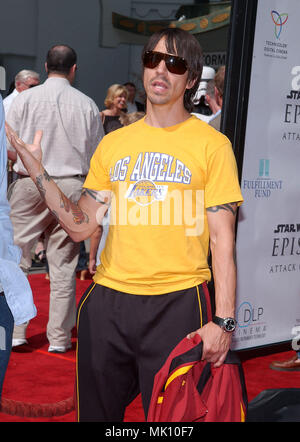 Anthony Keidis au Los Angeles première de ' Star Wars : Episode II L'Attaque des Clones ' au Chinese Theatre. Le 12 mai 2002. - JpgKeidisAnthony KeidisAnthony10.10 Événement dans la vie d'Hollywood, Californie - Red Carpet Event, Vertical, USA, Cinéma, Célébrités, photographie, Bestof, Arts, Culture et divertissement, Célébrités Topix fashion / du tapis rouge-, une personne, Vertical, Best of, Hollywood la vie, événement dans la vie d'Hollywood, Californie - Tapis rouge et en backstage, USA, Cinéma, Célébrités, cinéma, télévision, Célébrités célébrités Musique, Photo Banque D'Images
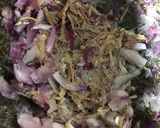 Gambar langkah 1 resipi Masak Lemak Cekur Manis Keledek.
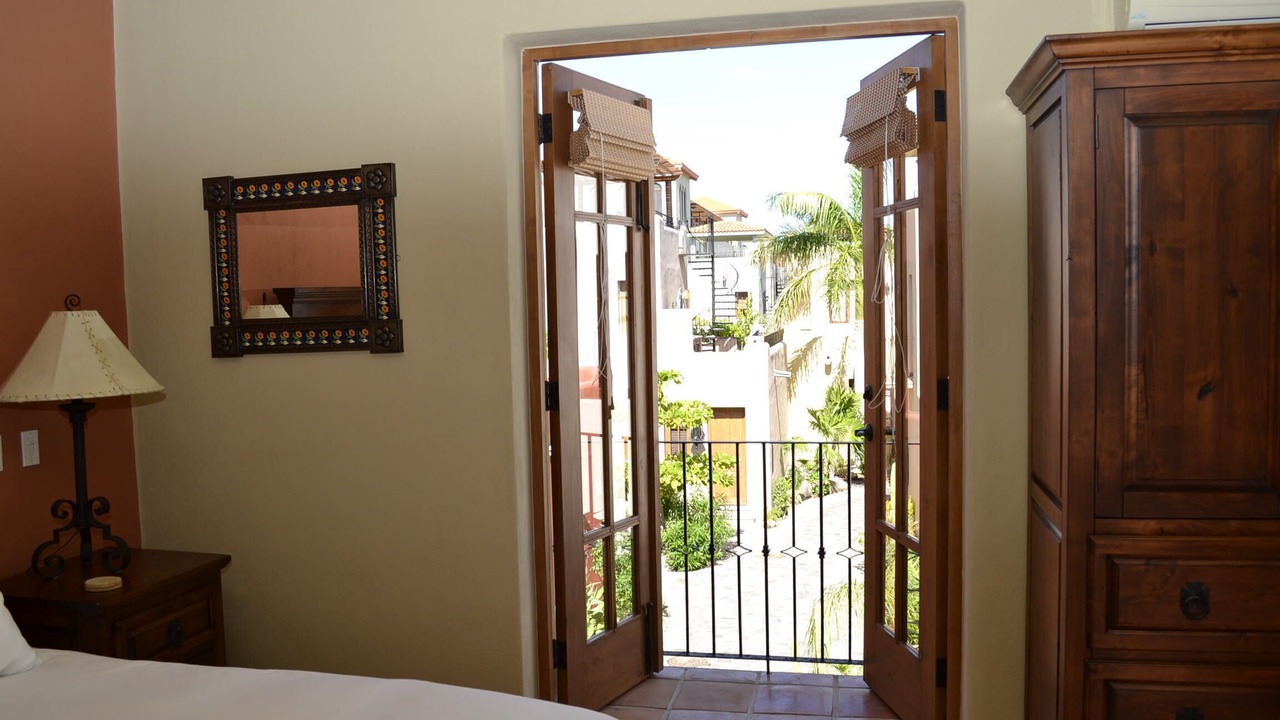 Photo of Bedroom in Nopolo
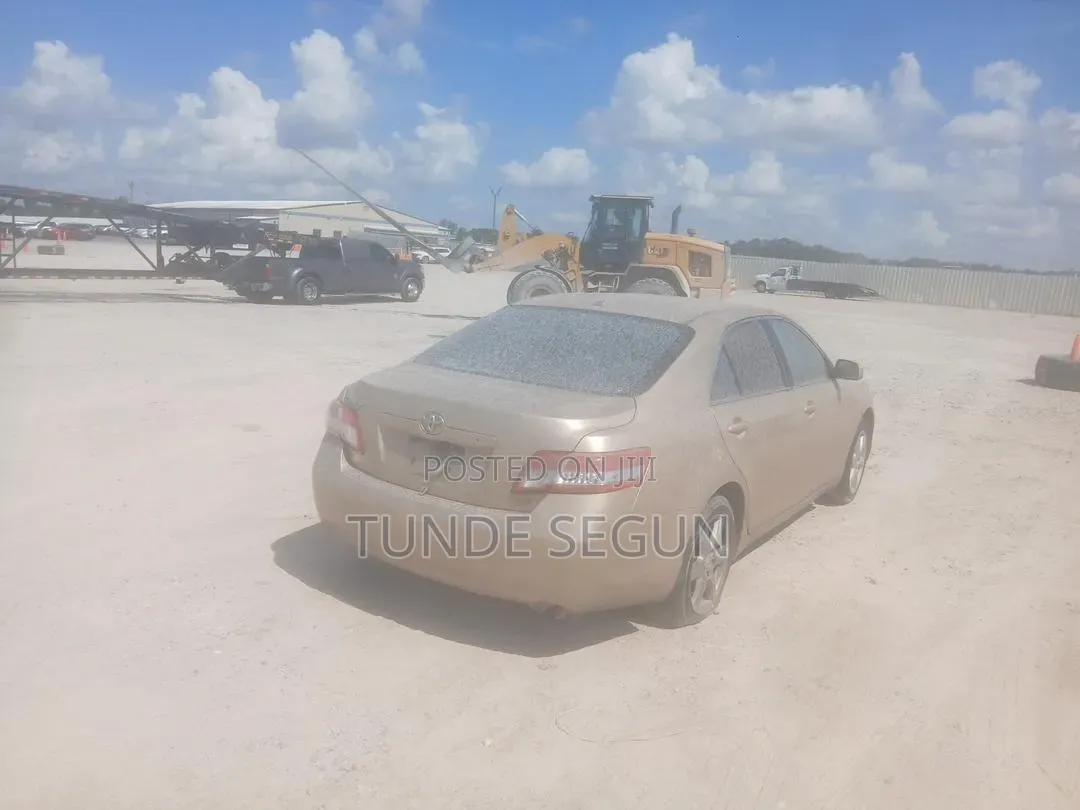 Toyota Camry 2011 Brown
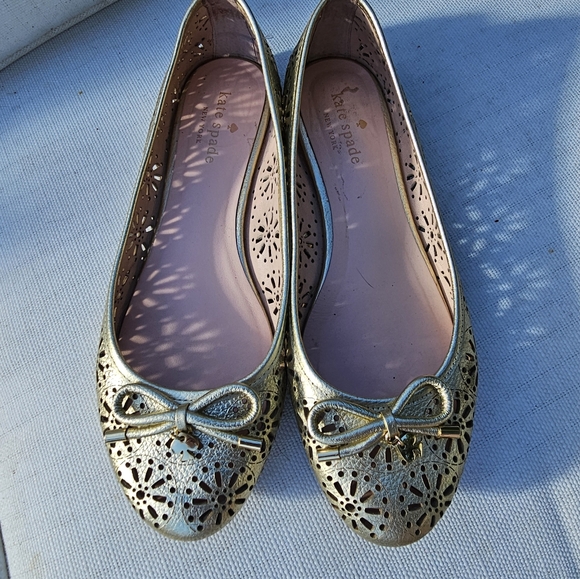 Kate Spade Walsy laser cut Gold leather ballerina flats, sz 8 Perfect - Picture 5 of 15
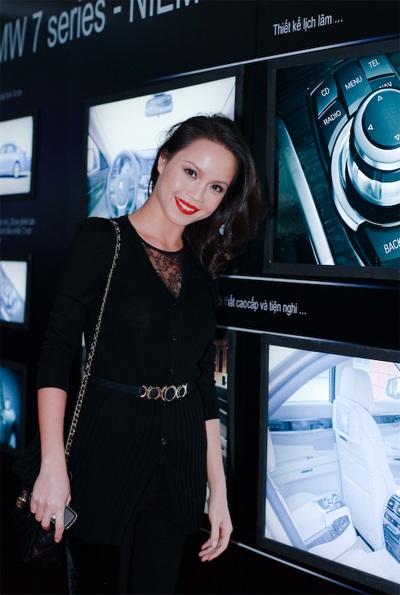 Á hậu Ngọc Oanh nổi bật với bờ môi đỏ - 5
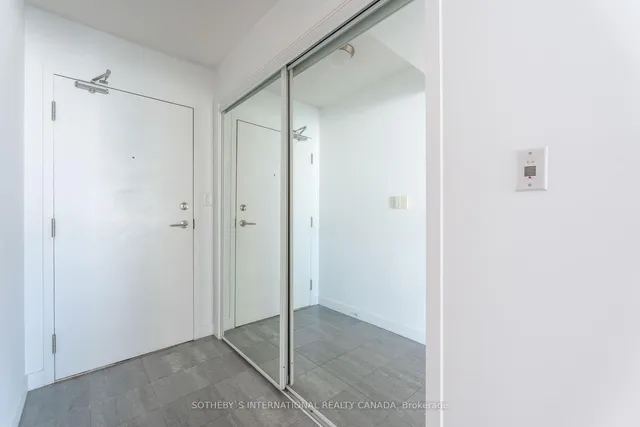 Additional property image - 11 Brunel Crt Unit 3608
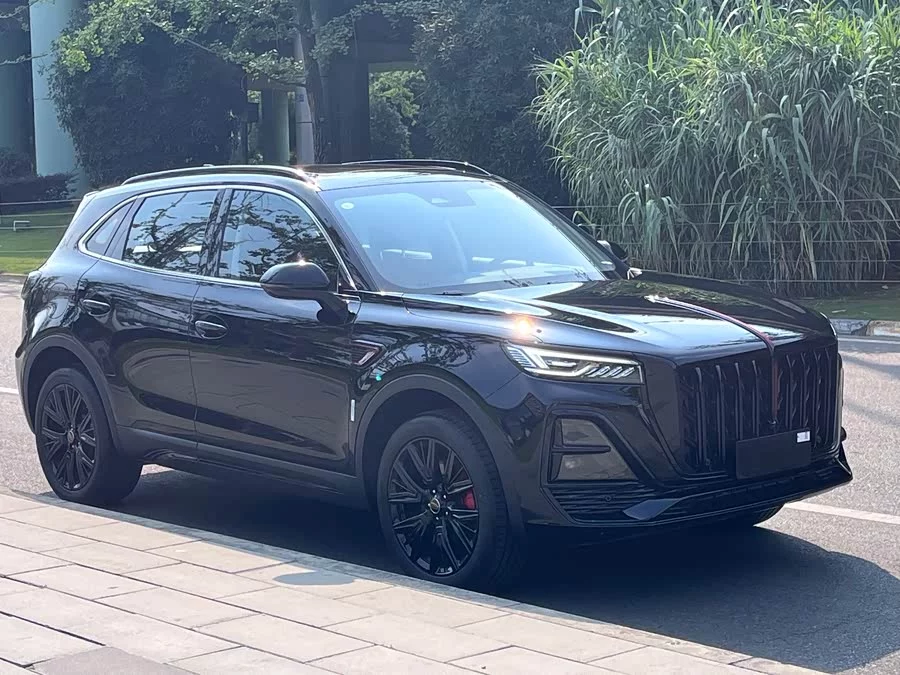 Hongqi HS5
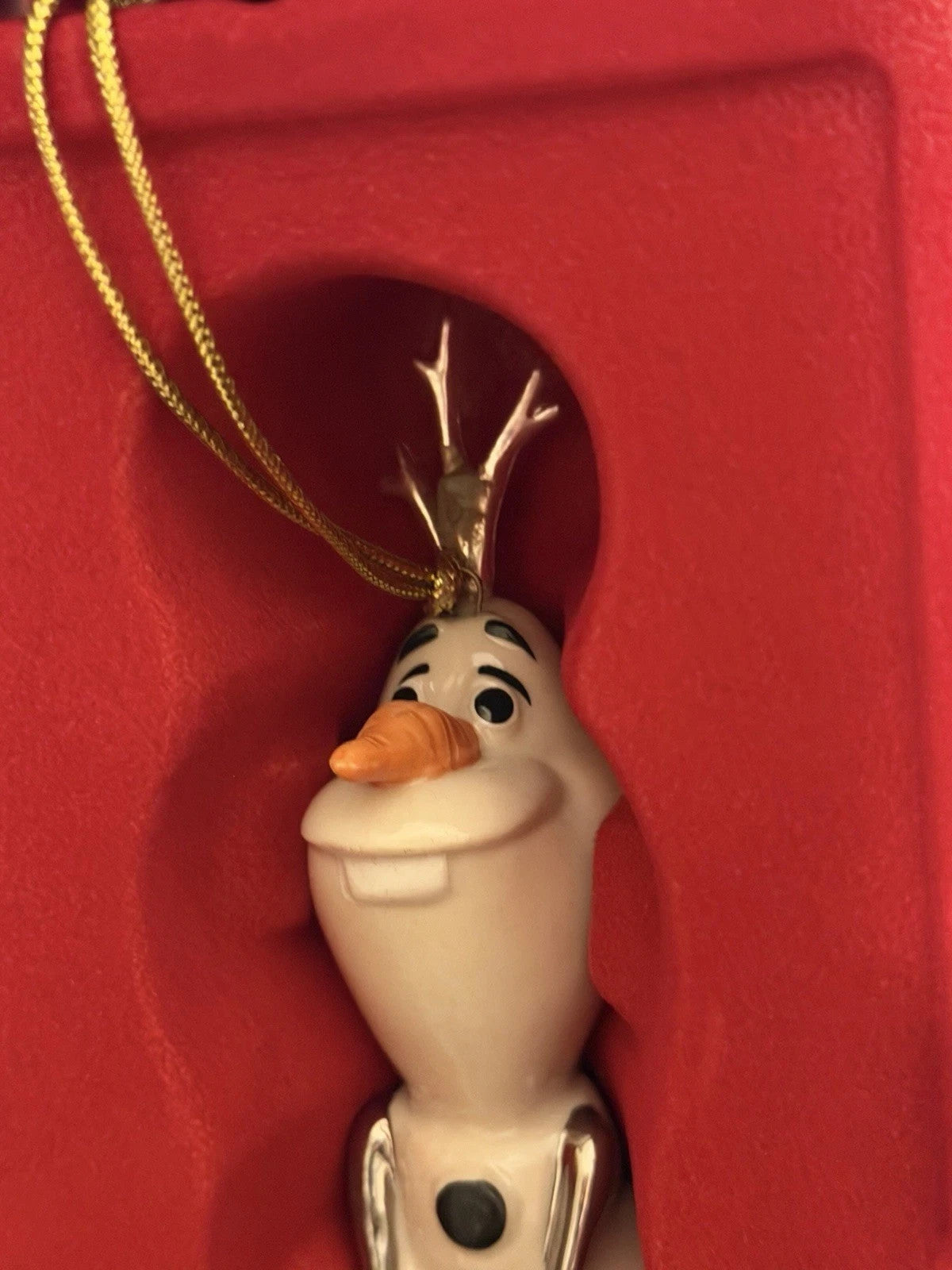 Lenox Disney Frozen Olaf Snowman Figurine Ornament Warm Hugs Christmas NEW9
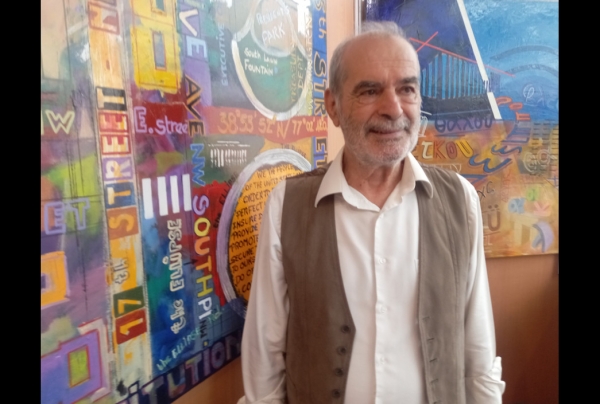 Gérard SUISSIA, peintre contemporain utilise l'écriture au titre d'abstraction pour l'inclure dans ses œuvres et créer une nouvelle forme de paysages abstraits urbains, il a reçu une Victoire Internationale de la Création et des Styles Artistique 2024   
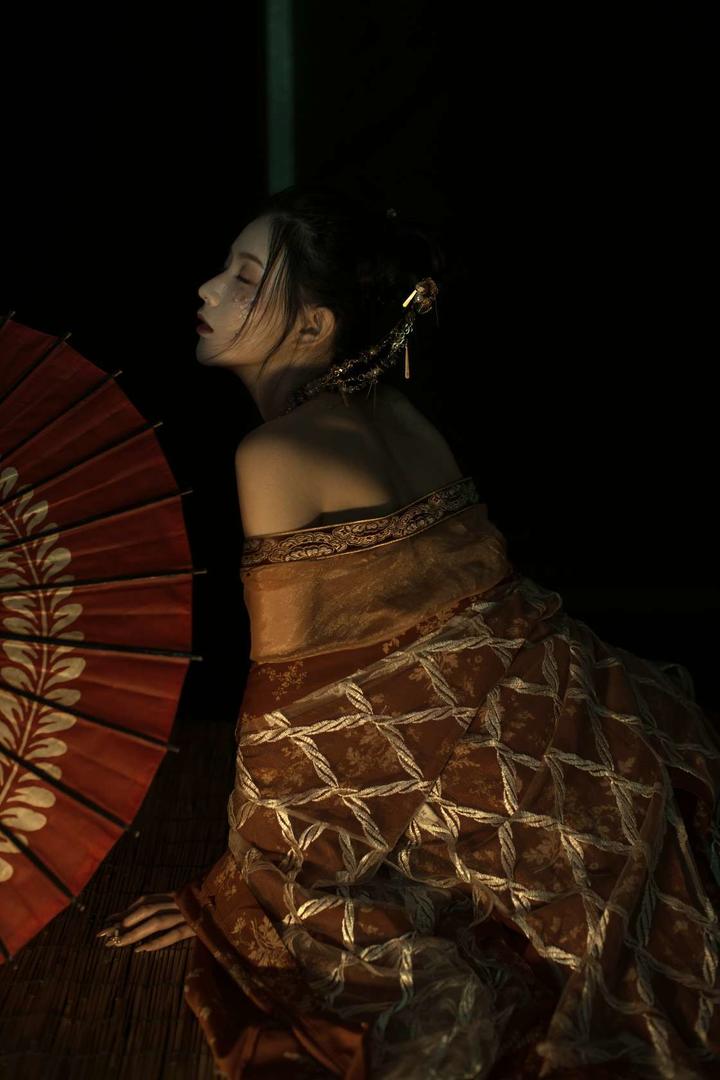半遮半掩的古装美女艺术写真图片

◆ Problem details ◆
Once you reach the line containing "Toyota Camry 2011 Brown", print it and every line after it exactly, through the end of the entries, without any pictures.

◆ Your solution ◆
 Toyota Camry 2011 Brown
 Kate Spade Walsy laser cut Gold leather ballerina flats, sz 8 Perfect - Picture 5 of 15
 Á hậu Ngọc Oanh nổi bật với bờ môi đỏ - 5
 Additional property image - 11 Brunel Crt Unit 3608
 Hongqi HS5
 Lenox Disney Frozen Olaf Snowman Figurine Ornament Warm Hugs Christmas NEW9
 Gérard SUISSIA, peintre contemporain utilise l'écriture au titre d'abstraction pour l'inclure dans ses œuvres et créer une nouvelle forme de paysages abstraits urbains, il a reçu une Victoire Internationale de la Création et des Styles Artistique 2024   
半遮半掩的古装美女艺术写真图片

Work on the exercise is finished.